In the Pew study cited above, “19 percent of non-internet users cite the expense of owning a computer or paying for an internet connection” as the reason they aren’t online. Another way to look at it is that only 3 percent of adult Americans (19 percent of 15 percent) say that they are unable to afford to be online. Mobile devices also address some of the other concerns of people who aren’t online. Mobile phones are only available in places where there are signal towers. For the 1.5% of Americans who say they can’t physically use the internet, the mobile internet makes it possible for people in rural areas to get online. Also, nearly a third of the people who say they don’t get online said it was too hard to do. Cell phones are much easier to use than full computers because their are fewer functions to navigate. For most smartphones, there are just a few buttons and a touch screen. Developers can’t create overly complex programs if they wanted to.
A large reason for the decline in people not using the internet is the growth in cell phone use. In another Pew Research study from 2013, 63 percent of adults in American use their phones to get online, and 34 percent of theses people say their mobile device is the primary way they access the internet.

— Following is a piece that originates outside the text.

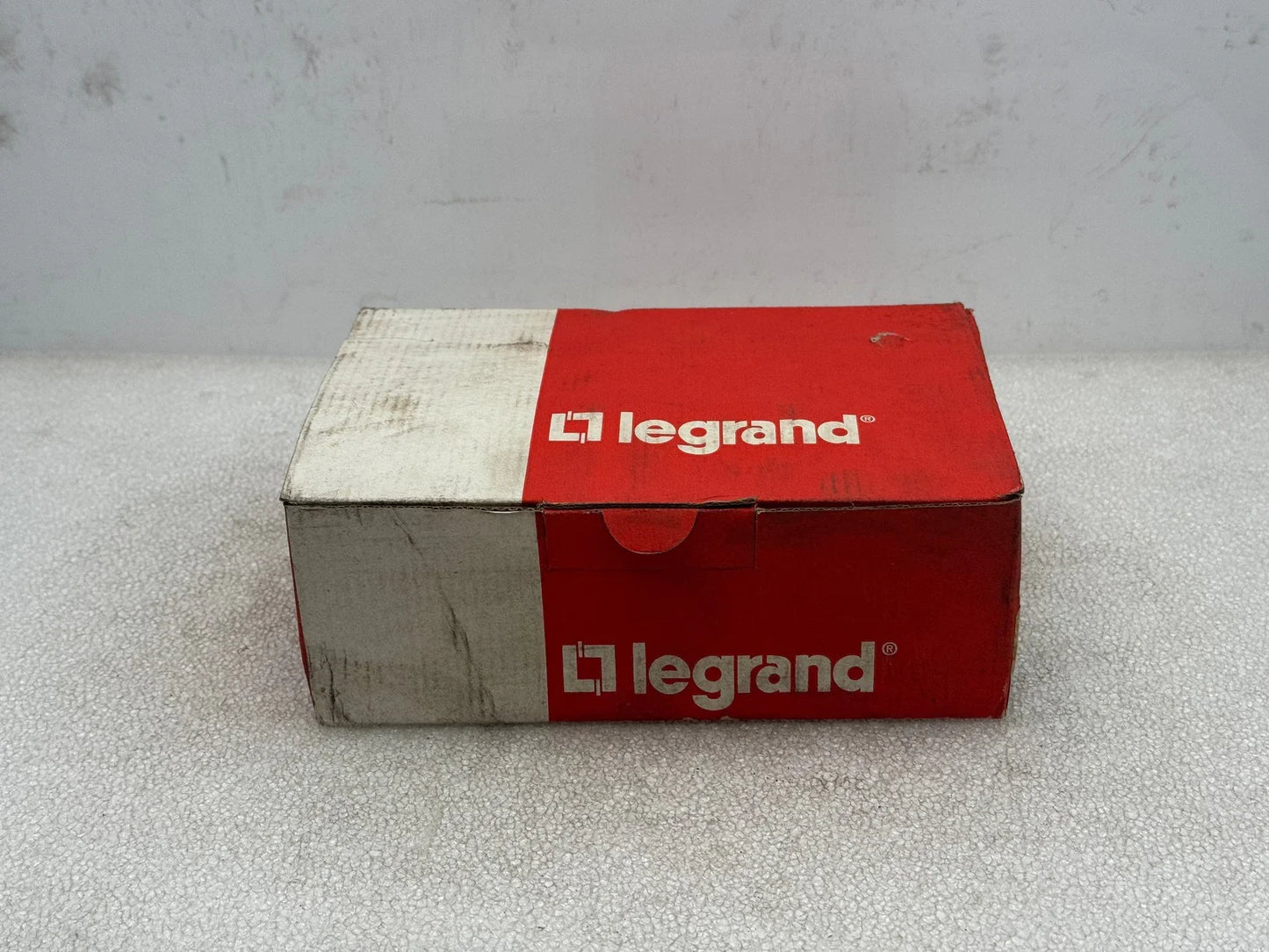 s-l1600_60927e29-bbc0-4c0c-9319-9fb9f0b8c8d8 - KLR Automation
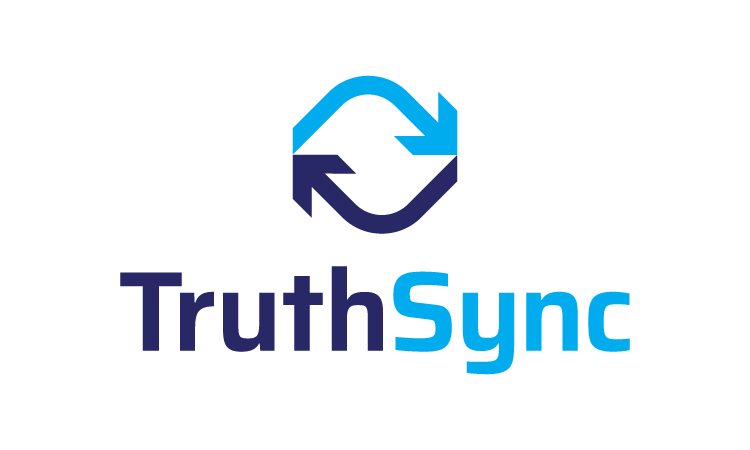 TruthSync.com - New premium domain marketplace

“A majority of the public now owns a smartphone, and mobile devices are playing an increasingly central role in the way that Americans access online services and information,” said Aaron Smith, a Senior Researcher at the Pew Research Center’s Internet Project. “For many, such as younger adults or lower-income Americans, cell phones are often a primary device for accessing online content—a development that has particular relevance to companies and organizations seeking to reach these groups.”
The effect of Web 3.0 on the digital divide is more than a conversation topic for researchers and sociologists. For business owners and marketers, it should serve as a reminder of the importance of mobile marketing. For example, since 21% of all adult cell owners now do most of their online browsing with their mobile phone, and not a desktop or laptop computer, having a website that isn’t mobile compatible it tantamount to turning away one out of every five visitors to a website. Similarly for businesses and non profit organizations that are trying to reach people with lower incomes, marketing services and products on mobile apps is better way to reach a target audience than paying for banner ads on websites. There is also every indication that mobile marketing and Web 3.0 technology will grow in importance across all demographics.
Advances in mobile phones and mobile internet have changed the dynamics of computer ownership and decreased the effect of the digital divide. Some commentators have suggested that Web 3.0 is the fulfillment of the promise of the computer age. While it may not be as flashy as anything in predicted in science fiction movie, Americans do walk around with mini computers with them at all times that are always connected to the internet. It doesn’t take much to start mobile marketing. Begin my ensuring a company’s website is mobile compatible and check to see what forms of mobile advertising might work best. For any small business owners who were waiting for the right time to embrace mobile marketing, that time is now (if not five minutes ago).